Although this extrapolation rule departs from a strictly similarity-based generalization mechanism, EXAM is distinct from pure rule-based models in that it remains constrained by the weights learned during training. EXAM retrieves the two nearest training inputs, and the ALM responses associated with those inputs, and computes the slope between these two points. The slope is then used to extrapolate the response to the novel test stimulus. Because EXAM requires at least two input-output pairs to generate a response, additional assumptions were required in order for it to generate resposnes for the constant group. We assumed that participants come to the task with prior knowledge of the origin point (0,0), which can serve as a reference point necessary for the model to generate responses for the constant group.
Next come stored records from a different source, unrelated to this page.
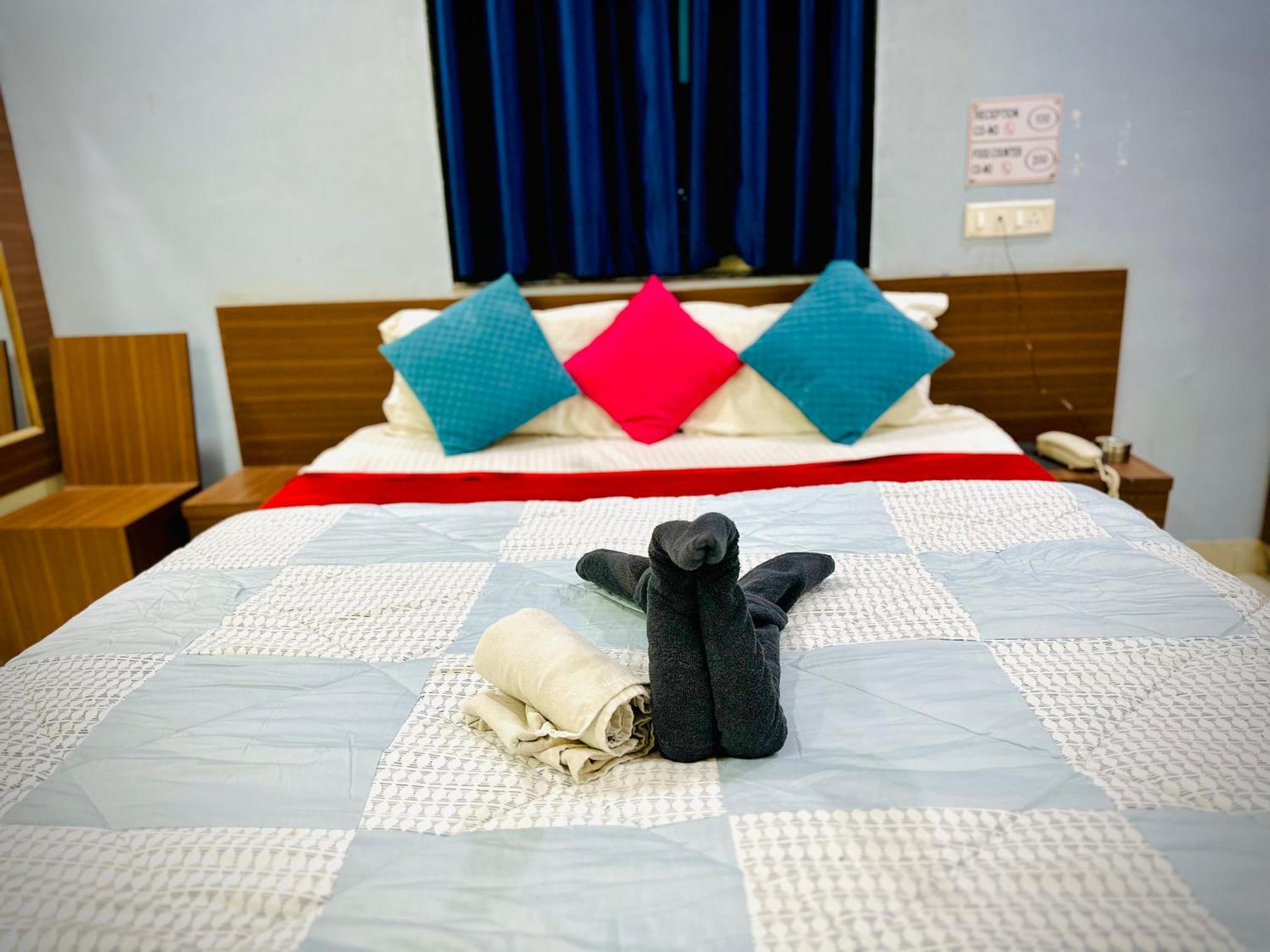 Hotel Sawai Executive Jadhavwadi Esterno foto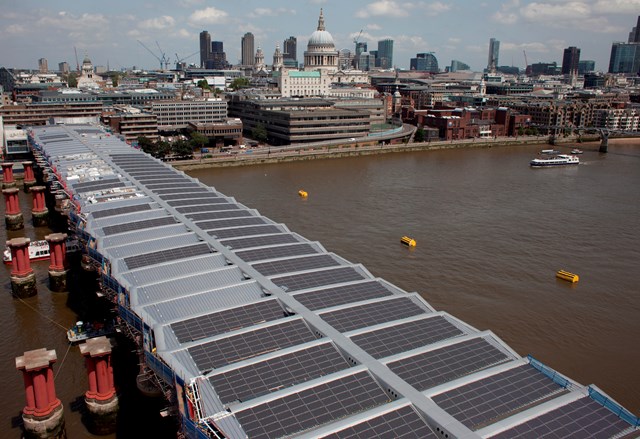 WORLD'S LARGEST SOLAR BRIDGE TAKING SHAPE AS BLACKFRIARS INSTALLATION REACHES HALF WAY: Blackfriars solar panels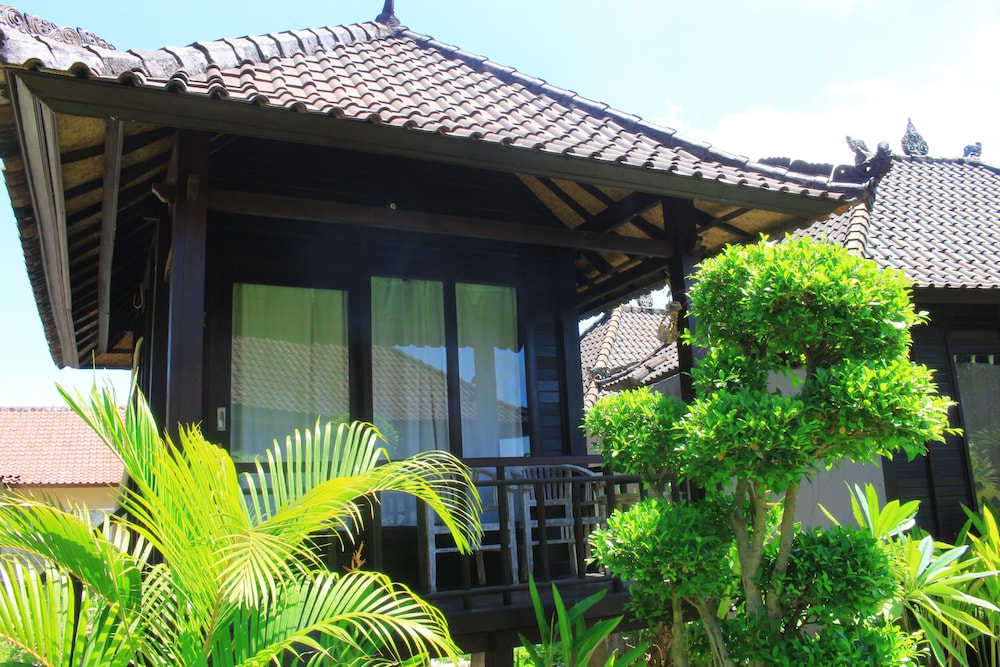Sunrise Hut's Lembongan 2/54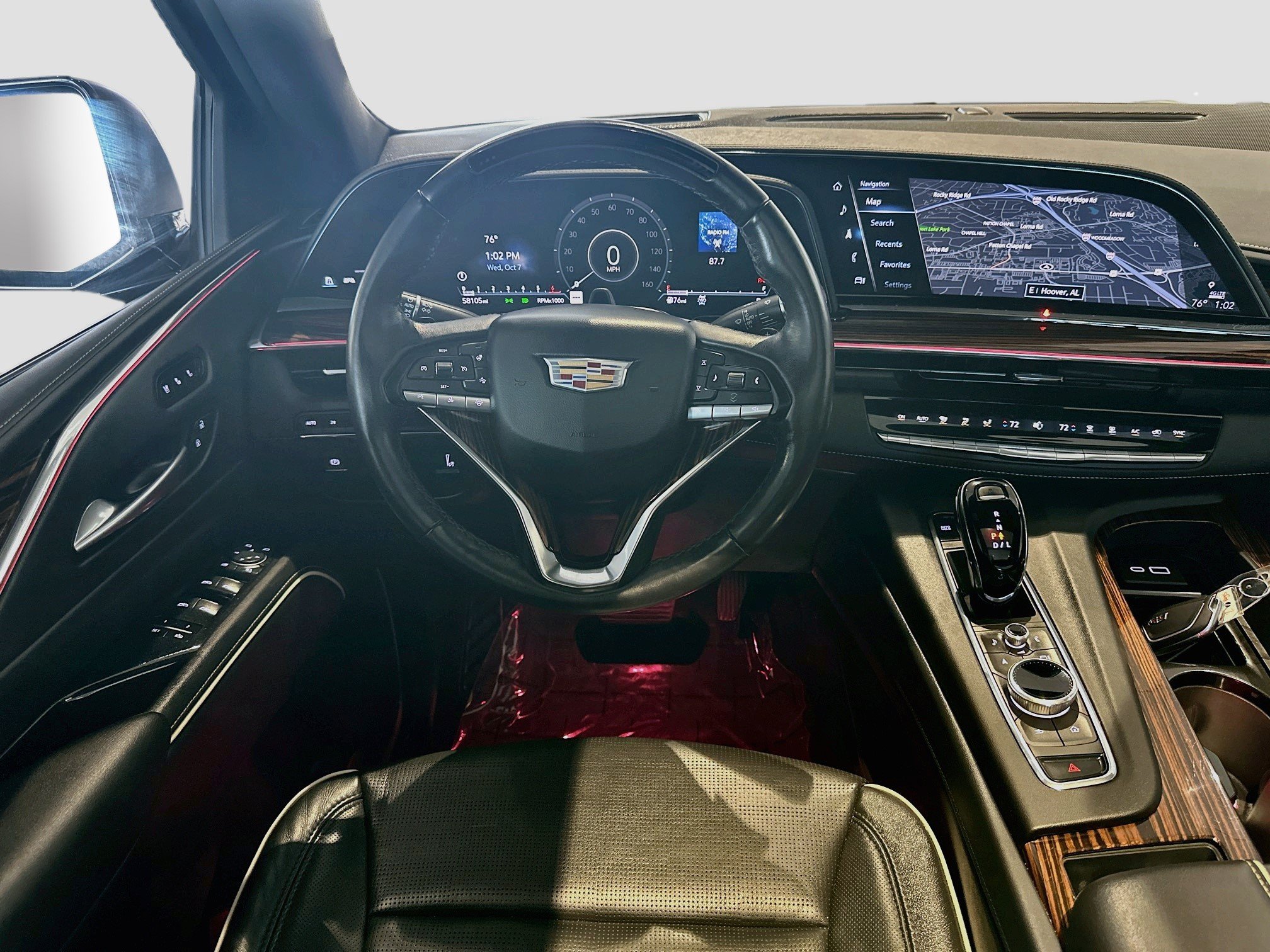 Certified 2024 Cadillac Escalade Premium Luxury AWD/4WD image 22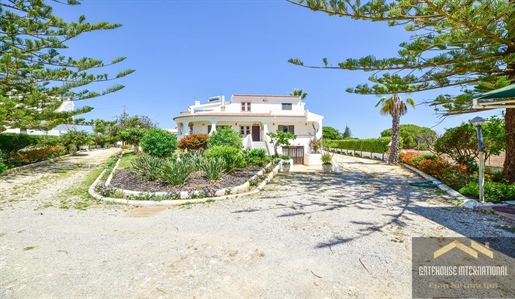 Maison d’hôtes de 17 chambres en Algarve à Armacao de Pera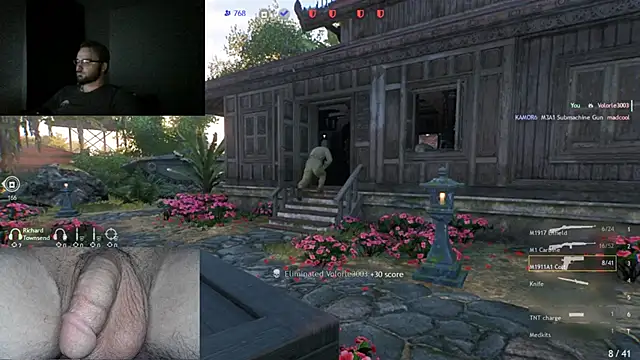 Snapshot of bear8t chatting on October 19, 2025, 8:50 am bear8t online show from October 19, 2025, 8:50 am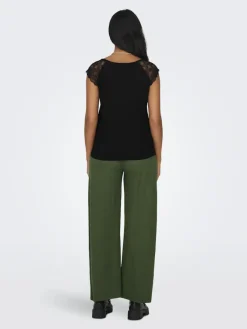 Only Shirts*ONLPETRA S/S LACE MIX TOP JRS Black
This assumption is motivated by previous function learning research (Brown & Lacroix, 2017), which through a series of manipulations of the y intercept of the underlying function, found that participants consistently demonstrated knowledge of, or a bias towards, the origin point (see Kwantes & Neal (2006) for additional evidence of such a bias in function learning tasks).

See Table 15 for a full specification of the equations that define ALM and EXAM, and Figure 26 for a visual representation of the ALM model.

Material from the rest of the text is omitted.